太宰が船橋に転居してから、約1ヶ月間。山岸は太宰のもとを訪れなかったのでしょうか。太宰は、「なぜ、君は遊びに来ないのか」と腹を立て、「かえりの電車賃くらいは僕のほうで都合できる」とまで言っています。太宰、山岸、檀一雄の3人は「三馬鹿」と呼ばれるほど仲が良かったのですが、よっぽど太宰は、山岸に船橋へ遊びに来てほしかったようです。

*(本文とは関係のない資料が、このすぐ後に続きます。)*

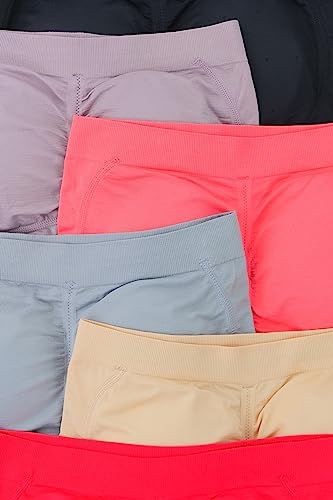 Image of ToBeInStyle Women's 6 Pack Butt Booster Padded Panty Briefs or Boyshorts w /Removable Thick Foam Pads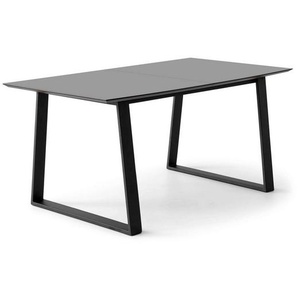 Hammel Furniture Esstisch Meza Designtisch mit Auszugsfunktion und 2 Einlegeplatten, bootsförmige Tischplatte MDF,Trapez gestell, in zwei Breiten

3通目のハガキは、2通目の9日後、8月7日付で送られたハガキです。
千葉県船橋町五日市本宿一九二八より
東京本郷区駒込千駄木町五〇
山岸外史宛
じゃれてみたのだ。ところが、――おれの爪が君のウロコにひっかかった。老猿と怪龍。雲を呼んで、ついに不足税六銭をとられた。君、僕たちはもう、うっかりじゃれることもできない巨 いなるものだ。そのうち、また書く。土曜に来ないか。君に対する悪意はみじんもない。

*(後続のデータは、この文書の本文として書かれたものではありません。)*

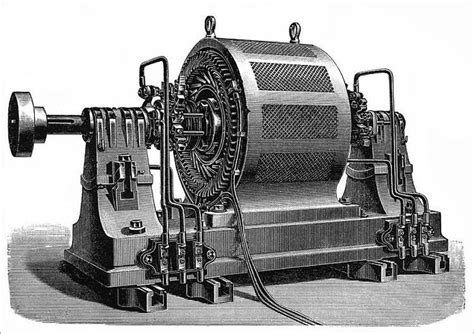 Print Of Dynamo Generator Historical Illustration Historical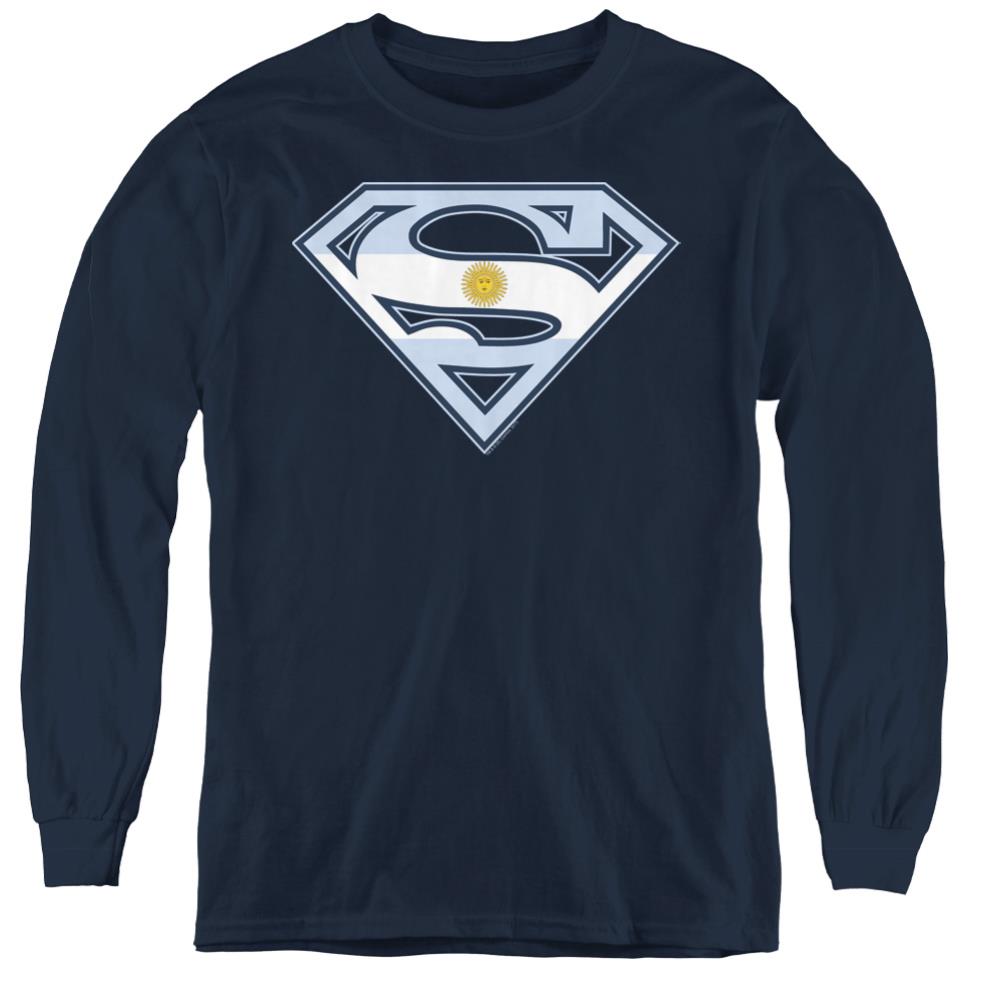 Superman Argentinian Shield Youth LS T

さらに続けて、4通目と5通目のハガキは、同日8月8日付で2通送られています。
まずは、8月8日付の1通目から。
千葉県船橋町五日市本宿一九二八より
東京本郷区駒込千駄木町五〇
山岸外史宛
山岸君
今夕の君の手紙、いままた繰りかえして読み、屈辱、無念やるかたなく転てんした。私は侮辱を受けた。しかもかつてないほどの侮辱を。
けれどもぼくは君の友人だ。こうなると、いよいよこの親友と離れがたい。君も同じ思いであろうと思う。
ソロモンの夢が破れて一匹の蟻。
いまは夜の一時頃だ。
土曜あたりに、また逢って話したいのだが。
私は、きょうよりまた書生になろうと思っている。いままでの僕はたぶんに「作家」であった。七日午前しるす。
おれはしかし、病人でない。絶対に狂っていない。八日朝しるす。
三服のスイミン薬と三本の注射でふらふらだ。昨夜一睡もせず。八日朝しるす。
続けて、8月8日付の2通目のハガキです。
千葉県船橋町五日市本宿一九二八より
東京本郷区駒込千駄木町五〇
山岸外史宛
「いま再び粧って熾烈を求む 」これがカンシャクのたね であった。ぼく「熾烈」の点では兄に劣らないと思っている。
誰が何といっても、いまでも、そう確信している。
土曜のバンに来いよ。また船に乗ろう。
太宰は、「また逢って話したいのだが」「また船に乗ろう」と書いています。
山岸は、『人間太宰治』で、次のように回想しています。
太宰の船橋時代のある日、太宰の家に偶然、檀一雄、古谷綱武、それにぼくの三人が集ったことがある。昭和十年か十一年頃だったと思う。太宰がこの土地に移転してまもないときだったような記憶もあるが、正確ではない。きわめて天気のいい日だった。雑談している間に、四人で船に乗って、海上にでてみようということになった。海の気に触れて憂さ晴らしをしようというようなことではなかったかと思う。太宰の発言だったかも知れない。船橋の海岸に出て、一艘、和船を借りた。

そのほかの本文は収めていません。